Donghyuck had leaned his head on his hands before grinning at Jaehyun. “You’re getting it, I see,” he had said, like he was waiting for Jaehyun.

And Jaehyun thinks that maybe Donghyuck _was_ waiting.

His brother has always been free of their father’s grasp, moving too fast and too far for them to catch up. Jaehyun had been placed in a proverbial cage—non-existent to all but himself. It was a prison of his own creation, and he had festered in it until it was too late, and he existed well within his father’s shadow. There is still a journey ahead of him to escape it.

“Jung.” A voice that echoes in the bathroom stills Jaehyun’s breathing, and he hopes that if he holds it for long enough, the unwelcome visitor will disappear. There’s a sigh, before, “I know it’s you. I know you’re in here.”

“No?”

“Jesus Christ,” a banging on the door to the stall, “you’re fucking useless. It’s me. Sicheng.”

 _Okay_ , Jaehyun wants to say. _Okay, what does it matter?_

Jaehyun doesn’t have a voice anymore, though. Instead, he presses his lips together, firmly, arms falling to his sides. His sandwich is a goner in his grip at this point, and he listens to the sound of the lettuce falling out from between the slices of bread and the cold cuts that his mother had cut to neatly fit the bread, as always. It’s the only noise for minutes, and as the first warning bell signals the imminent end of lunch, there’s another banging on the stall door.

“Open the _fucking_ door, Jung, or I’ll key your fuckin’ car.”

Throwing the door open, he narrows his eyes. A threat from Sicheng Dong is never empty, and Jaehyun worked far too hard to have his car keyed to hell and back by him. “What? What the _fuck_ do you want? Do you want to tell me what a fucking piece of shit I am to my face, too? Because, get in _fucking_ line. You’re not the first, you’re not the last, and you’re just as big of a piece of fucking trash as everyone else if that’s the case.”

Hands held up, Sicheng presses his lips together in a silent response as Jaehyun’s chest heaves up and down. It’s quiet, and Jaehyun tries his hardest not to bolt as the second bell rings, signaling the end of the lunch period. It’s not like he _has_ a class this period—he did it on purpose. He wanted the luxury of extending his lunch and escaping the workload of a full schedule. Jaehyun never thought that it would be an escape in this sort of way, though.

“Where’s this kinda fight when the people around you are houndin’ you?” Sicheng asks, pulling his mouth into a frown. “But—whatever. That’s not what I’m here for. I wanna talk after school. I have an hour between the last bell and practice.”

“Why should I?”

“My little brothers—both of ‘em—don’t have a problem with Mark, and I’m more inclined to believe them than my old folks, you know,” Sicheng replies, backing away. “Whether you wanna trust or believe me is your fuckin’ deal. But I will tell you that Renjun doesn’t have a problem with Mark, and that kid’s got a good eye for bullshit.”

He disappears with a shrug and Jaehyun is left in the bathroom with the shell of a sandwich and a heavy load of confusion on his shoulders.

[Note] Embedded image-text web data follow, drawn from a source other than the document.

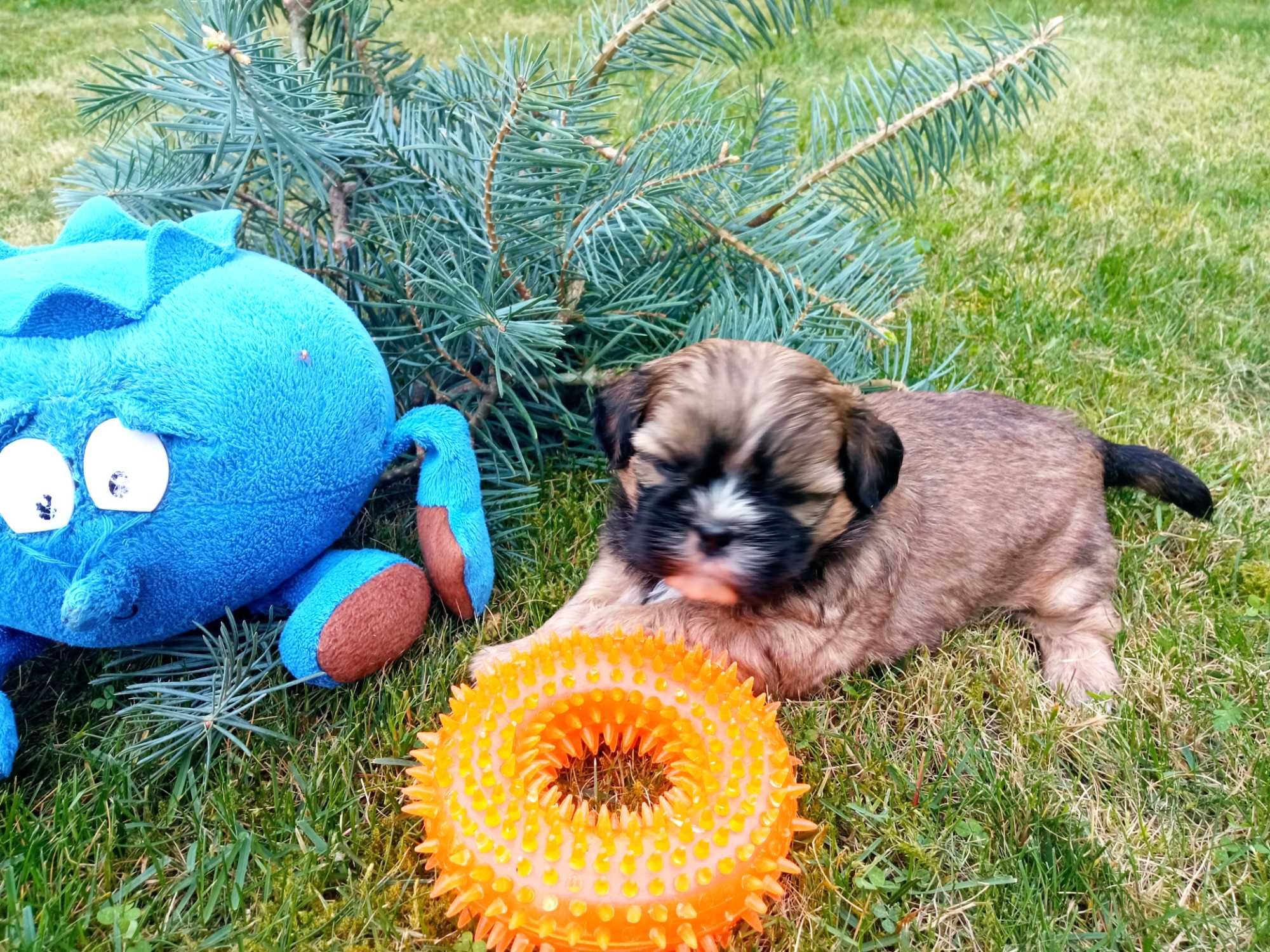 Pies  Mini Shih Tzu czekoladowo brązowy -V pok Rodowód do odbioru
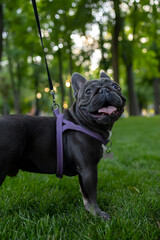 black small french bulldog looks at the camera in the park on the lawn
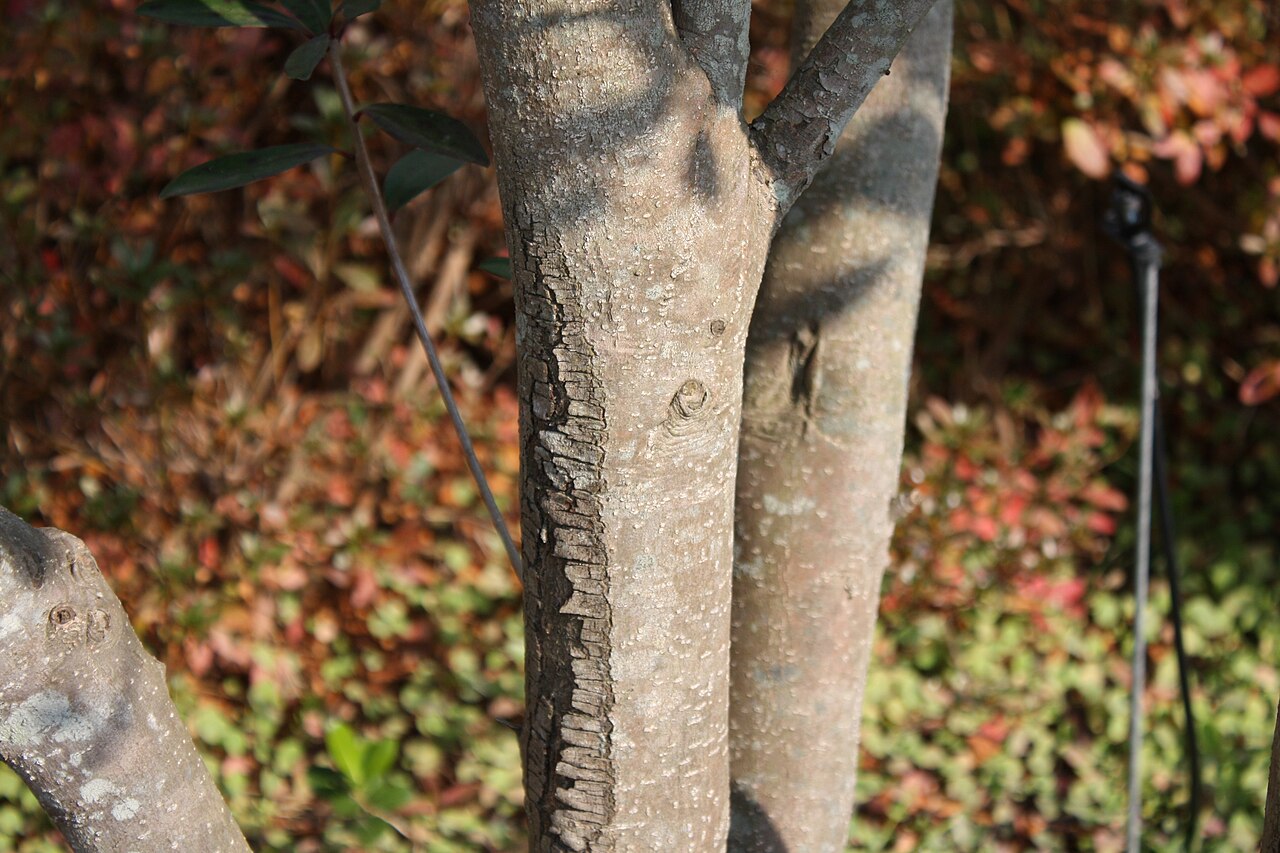 Ternstroemia gymnanthera, Japanese cleyera — upright evergreen (Pentaphylacaceae) (image 9 of 10)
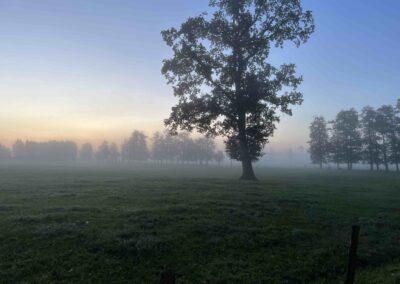 Morgenstimmung mit Nebel Fahrenhorster Weg Tangstedt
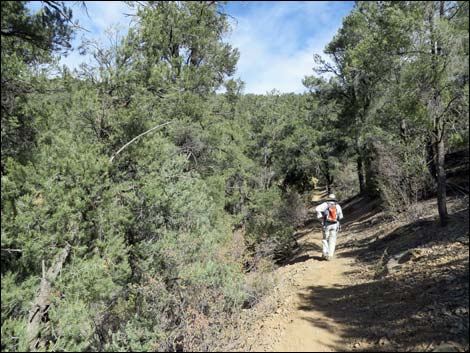 Lovell Canyon Trail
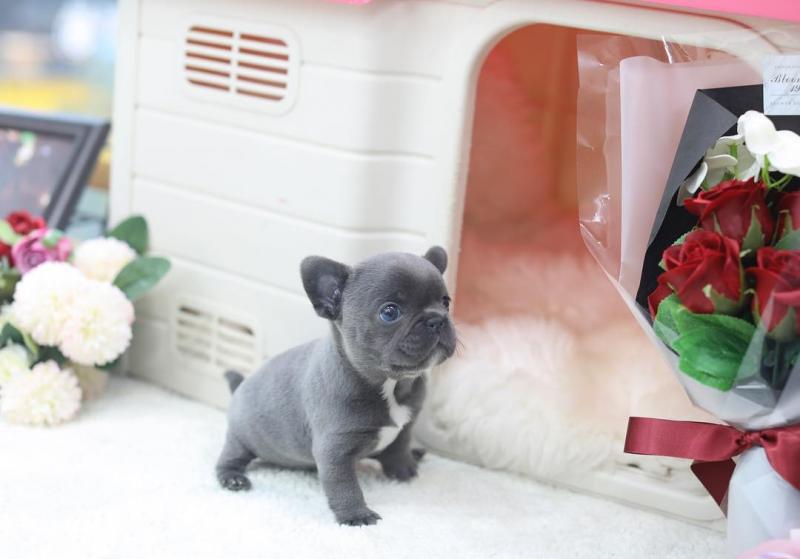 AKC quality French Bulldog Puppies for adoption!!! Image eClassifieds4u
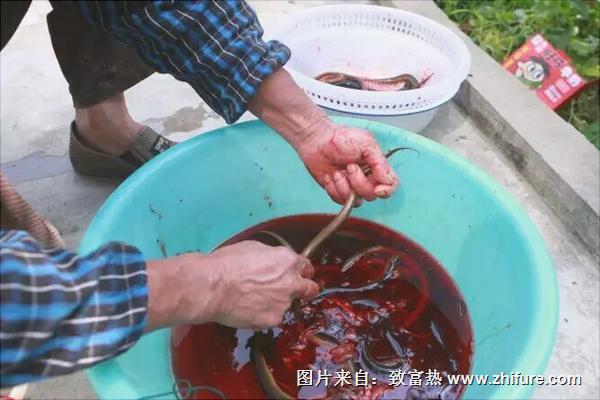 黄鳝怎么杀?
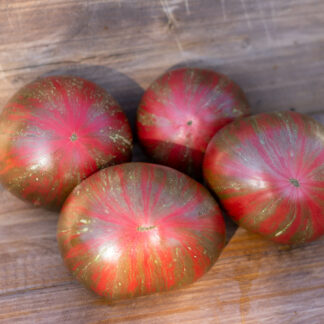 ПОЛОСАТЫЙ НОЯ   Dwarf Noah's Stripes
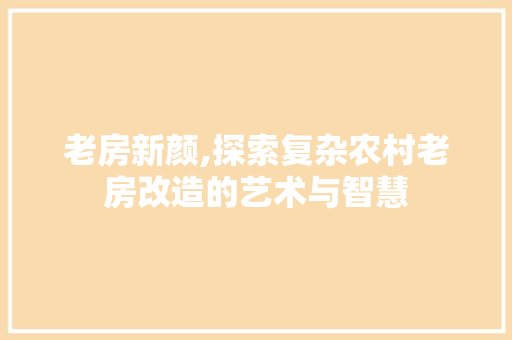 老房新颜,探索复杂农村老房改造的艺术与智慧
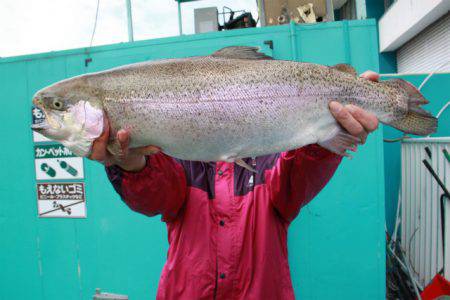 としまえんフィッシングエリア 釣果
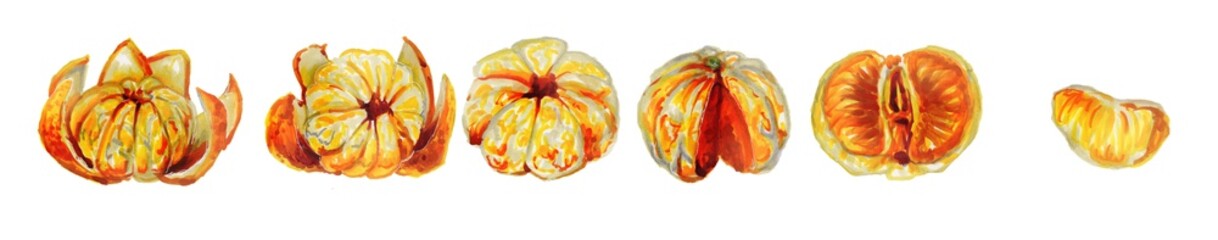 Set of Whole tangerines and slices isolated on a white background.Horizontal border.Botanical watercolor illustration of the fruits of Mandarin orange without a peel.Christmas plants.New year's fruit.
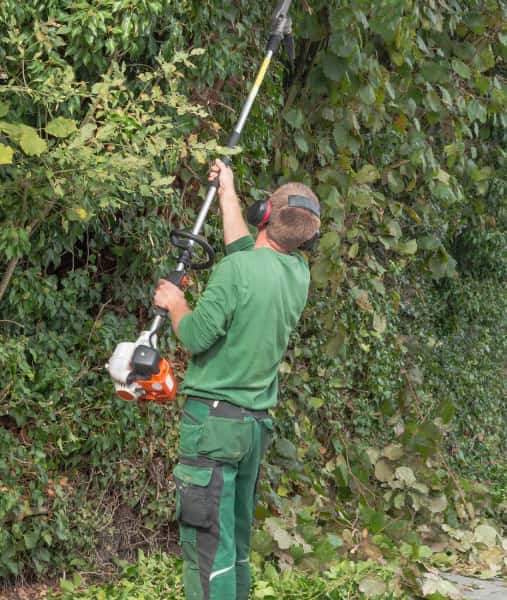 This is a photo of a professional tree surgeon using a petrol strimmer to trim a hedge. Photo taken by Ipswich Tree Surgeons.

Closing the stall door again, Jaehyun isn’t sure what to make of the world anymore. Not that he ever really knew.

* * *

This is stupid. It’s fucking stupid and Jaehyun _knows_ it, and yet he’s still standing across from the locker room door, hood pulled tightly over his head. It doesn’t offer him any anonymity. Jaehyun’s closet is small and his preferred outfits are even smaller. Everyone knows what he wears, how he looks, how he stands. He’s been in the spotlight for as long as he can remember. There’s no hiding in the shadows here.

“No text or anything?” Sicheng asks, the door swinging open. “Had to find out you’re standing out here from a bunch of swimmers whispering among themselves.”

“Don’t have your number,” mutters Jaehyun, scuffing his foot on the tile ground. “Figured you’d find me or you wouldn’t. Doesn’t matter either way.”

It’s startling as Sicheng grabs him by the sleeve and drags him away from the doors towards the abandoned cafeteria. There’s nothing but silence around them. A pin could drop and Jaehyun thinks it would crack the tile beneath his feet and open a hole big enough to swallow both of them up. There’s an hour for him to say what he wants—there have been hours for him to formulate his thoughts and put them in an orderly sort of way so Jaehyun could understand them.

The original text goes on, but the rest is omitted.